ASILI hosts Jelani Cobb for Talk on Racism and Injustice


Jennifer Hoang/ The Fordham Ram

Jelani Cobb spoke to Fordham students about “half-life to freedom.”

On Thursday, Nov. 8, Fordham University’s Black Student Alliance (ASILI) welcomed journalist and historian, Jelani Cobb, to speak about race and injustice in today’s America.

Born and raised in the diverse borough of Queens, N.Y., Jelani Cobb is no stranger to racism. His authoritative and confident presence filled Fordham’s auditorium the moment he stepped onto the stage. However, feeling comfortable in his own skin was not always easy for him. He said in school, people always assumed he was a dumb football player because of his large stature. Since then, he has been determined to show the world that he is the exact opposite.

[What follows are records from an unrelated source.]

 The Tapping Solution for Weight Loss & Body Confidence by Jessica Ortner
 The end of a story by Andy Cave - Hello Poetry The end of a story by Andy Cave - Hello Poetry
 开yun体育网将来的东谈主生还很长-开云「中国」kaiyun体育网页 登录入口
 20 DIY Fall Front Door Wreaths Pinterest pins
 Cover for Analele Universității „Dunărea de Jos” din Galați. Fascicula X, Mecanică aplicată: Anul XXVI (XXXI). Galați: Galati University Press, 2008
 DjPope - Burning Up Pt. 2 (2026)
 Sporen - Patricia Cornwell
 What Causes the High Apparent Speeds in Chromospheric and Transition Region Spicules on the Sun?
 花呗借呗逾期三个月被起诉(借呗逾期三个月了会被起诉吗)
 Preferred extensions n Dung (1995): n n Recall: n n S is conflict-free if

Cobb has been a professor at the Columbia Journalism School since 2016 and is currently teaching a class that examines the history of race and its implications on reporting and media. He began writing for The New Yorker in 2012 and was the recipient of the Sidney Hillman Prize for Opinion and Analysis Journalism in 2015. Cobb is also the author of three books, each touching upon contemporary issues of politics, history, race and culture.

Cobb’s speech focused on the “half-life of freedom,” the idea that struggles encountered in the past can just as easily be resurfaced in the present.

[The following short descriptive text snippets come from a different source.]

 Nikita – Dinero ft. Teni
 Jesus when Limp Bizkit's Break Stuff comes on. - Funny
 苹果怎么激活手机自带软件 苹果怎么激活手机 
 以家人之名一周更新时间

“I so often find myself in a context where I’m wondering if I’m in the past or if I’m in the present,” said Cobb during his presentation. “I have the feeling that sometimes my history syllabus has jumped off of the page, and that we are now reading it as a newspaper — that things that we saw once, that we thought we could teach about as artifacts in history, we are now seeing again in a contemporary context.”

As an example, he drew similarities between the dialogue used to describe the Chinese in the 1880s and the verbiage used in 2019 to describe Mexicans and Latin Americans as “drug dealers” and “job stealers.”

He explained how dynamics in the present are no different from those in the past: that if America is to truly change for the better, its citizens must realize that “democracy requires constant vigilance.”

“I think it’s really important for Fordham to host these events,” said Rozine Pepushaj, FCRH ’22. “Because sometimes we’re so invested in what is happening in our own lives…that we forget about the things we should be doing for our communities in order to move forward like we were meant to.”

Issy Asianah, FCRH ’20, the vice president of Fordham’s ASILI, said the club hosts these types of events on campus to help inform and educate the student body.

“Jelani Cobb was a very intentional choice for us because of what ASILI, as a club, stands for,” said Asianah. “We stand for the black identity, we stand for black students on campus.”

As an international student from Nigeria, Asianah said she never really knew about racism before coming to America.

“Racism plays a different role and looks different in Nigeria,” said Asianah.

She said she has been trying her best to deal with systemic racism and real-life encounters of prejudice and injustice as a college student for the past four years.

“I just want to be a college student,” said Asianah. “But I can’t just be a college student, I have to be a black college student.”

With a majority of the Fordham University student population being white, Asianah and other members of ASILI said they often feel like outsiders on their own campus.

“Sometimes I would just like to exist and glide through campus… but I know it’s not possible. That’s not how I feel,” said Asianah. “I don’t feel very comfortable coming to campus every day. I like living in the Bronx. I blend in with people in the Bronx because they look like me, and I like that a lot, but coming onto this campus is different.”

Asianah hopes that students, faculty and administration attend ASILI-hosted events and learn from them. Only by encouraging constructive discourse and making individuals aware of their biases can a campus foster racially and politically conscious students, according to the club.

When asked by an audience member how the youth could help solve reoccurring issues, particularly those relating to race, Cobb refused to answer and redirected the question back at the student. He said the youth should know how to answer that question better than he does.

“Get with people who are also asking those types of questions,” he said. “Talk with them, interact with them, and the things that you need to do will become apparent much more quickly.”

Cobb said the present is no worse than the gruesome past America has previously endured. He said he often thinks about the struggles his mother and father faced in Jim Crow Georgia and Alabama. Thinking in relative terms helps him remain optimistic for the future.

“Each of the things that we take for granted as freedoms in this country exist precisely because of the actions people took in the moments like the one we exist in right now,” said Cobb.